25 min read
Editor's Note: At Strata+Hadoop World in London, MapR Director of Enterprise Strategy & Architecture Jim Scott talked about Real-time Hadoop: The Ideal Messaging System. You can watch his presentation here or read his blog post below to learn more:
Within this post you will see mention of message-driven architectures. This is in short a subset of a service oriented architecture (SOA). This has been around for many years and is a very popular model. What you will find going through this post is that the foundational message-driven architecture is more competitive to the concepts of the enterprise service bus (ESB). The ESB was very heavy and rigid whereas general SOA implementations do not require an ESB.
What are we talking about when we start getting into Real-time Hadoop? Well, life's a batch, or at least that's how you might hear people talk about everything around big data. At the end of the day, life isn't done in a batch. Life is about streaming events that are constantly occurring, and having to deal with it one thing at a time.
We've got to be able to move forward, move on, and handle things coming through as they happen. Everybody has been really comfortable with batch for a long time. As people get more comfortable with these technologies, they start realizing that they can do more and more. It’s not really much of a surprise that streaming technologies are as big as they are at this point. Being able to move from batch to real time is not terribly complicated, depending on your use case.
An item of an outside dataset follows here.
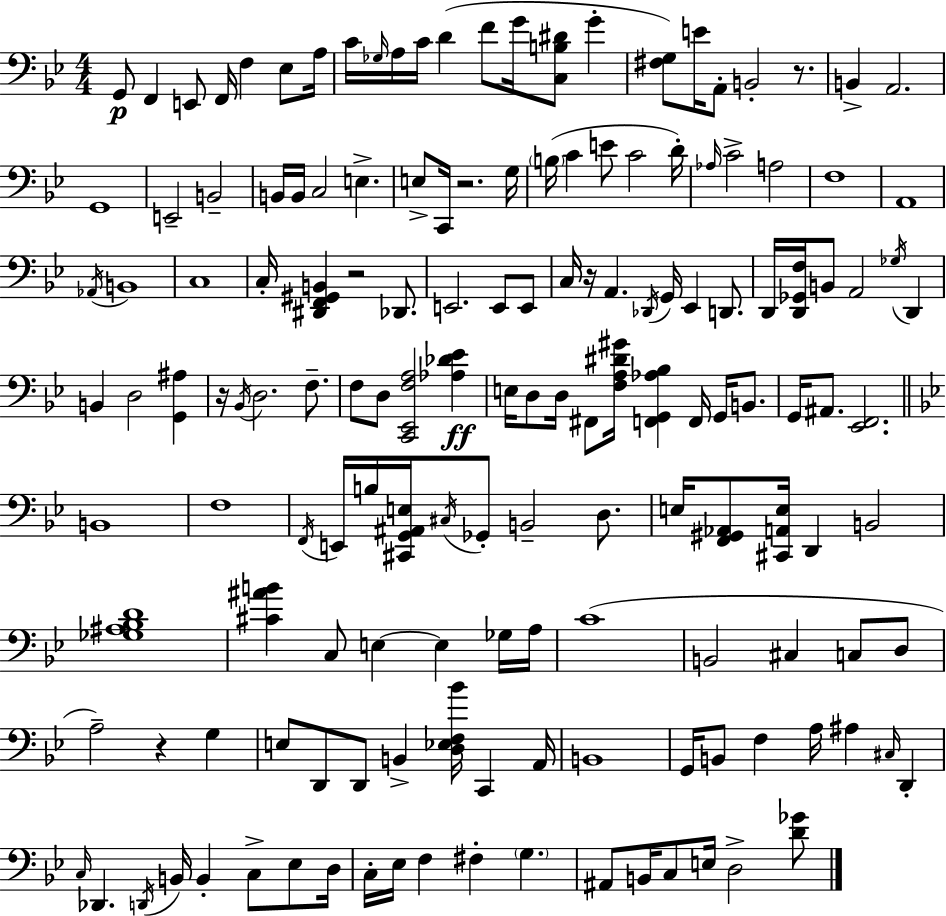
G2/e F2/q E2/e F2/s F3/q Eb3/e A3/s C4/s Gb3/s A3/s C4/s D4/q F4/e G4/s [C3,B3,D#4]/e G4/q [F#3,G3]/e E4/s A2/e B2/h R/e. B2/q A2/h. G2/w E2/h B2/h B2/s B2/s C3/h E3/q. E3/e C2/s R/h. G3/s B3/s C4/q E4/e C4/h D4/s Ab3/s C4/h A3/h F3/w A2/w Ab2/s B2/w C3/w C3/s [D#2,F2,G#2,B2]/q R/h Db2/e. E2/h. E2/e E2/e C3/s R/s A2/q. Db2/s G2/s Eb2/q D2/e. D2/s [D2,Gb2,F3]/s B2/e A2/h Gb3/s D2/q B2/q D3/h [G2,A#3]/q R/s Bb2/s D3/h. F3/e. F3/e D3/e [C2,Eb2,F3,A3]/h [Ab3,Db4,Eb4]/q E3/s D3/e D3/s F#2/e [F3,A3,D#4,G#4]/s [F2,G2,Ab3,Bb3]/q F2/s G2/s B2/e. G2/s A#2/e. [Eb2,F2]/h. B2/w F3/w F2/s E2/s B3/s [C#2,G2,A#2,E3]/s C#3/s Gb2/e B2/h D3/e. E3/s [F2,G#2,Ab2]/e [C#2,A2,E3]/s D2/q B2/h [Gb3,A#3,Bb3,D4]/w [C#4,A#4,B4]/q C3/e E3/q E3/q Gb3/s A3/s C4/w B2/h C#3/q C3/e D3/e A3/h R/q G3/q E3/e D2/e D2/e B2/q [D3,Eb3,F3,Bb4]/s C2/q A2/s B2/w G2/s B2/e F3/q A3/s A#3/q C#3/s D2/q C3/s Db2/q. D2/s B2/s B2/q C3/e Eb3/e D3/s C3/s Eb3/s F3/q F#3/q G3/q. A#2/e B2/s C3/e E3/s D3/h [D4,Gb4]/e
Some of the goals that I've set forth are real time or near real time. To clarify, it's important to understand the general semantics that we're really dealing with, because real time doesn't always just deal with an event that physically occurred just now. It could be “I'm ready to do processing on my data, and I need it to happen now.” The event may have happened two days ago, but now you're ready to perform your real-time processing. Whatever service levels you set up, that's what you're trying to work with.
When we start looking at things like micro-services, it's a natural tendency to think of well, how do micro-services tie together with streaming? It’s a natural design pattern if you want to scale an application, how do you decouple applications from the communications? Micro-services are really the new model that people are looking at to say, look, I'm going to break it up into smaller pieces, which gives an ability to deploy software in simpler, smaller chunks. But in order to do that, and in order to scale those services, you have to decouple the communication.
Less moving parts. What are some of the advantages of messaging and real-time enablement? We have less moving parts. When you start thinking about all of the technologies that go into inter-process communication, being able to scale systems, having your persistence stores, when you start decoupling these with the messaging platform, it actually simplifies your architecture, in most cases. Message-driven Architectures and Service Oriented Architectures are not brand new. They have been around for a long time and will continue to flourish.
Better resource utilization. When we start looking at resource utilization, there's a big benefit here, and as we look across different environments, we have the ability to create new types of isolation models. When you run code in your development environment, does your development environment ever look the same shape as your production environment? Likely not. If you have two servers in dev and two servers in production, great. That's not most use cases. I used to work in ad tech, where I built a platform handling 60 billion transactions a day, and we had 10 servers in dev, and we had 600 in production.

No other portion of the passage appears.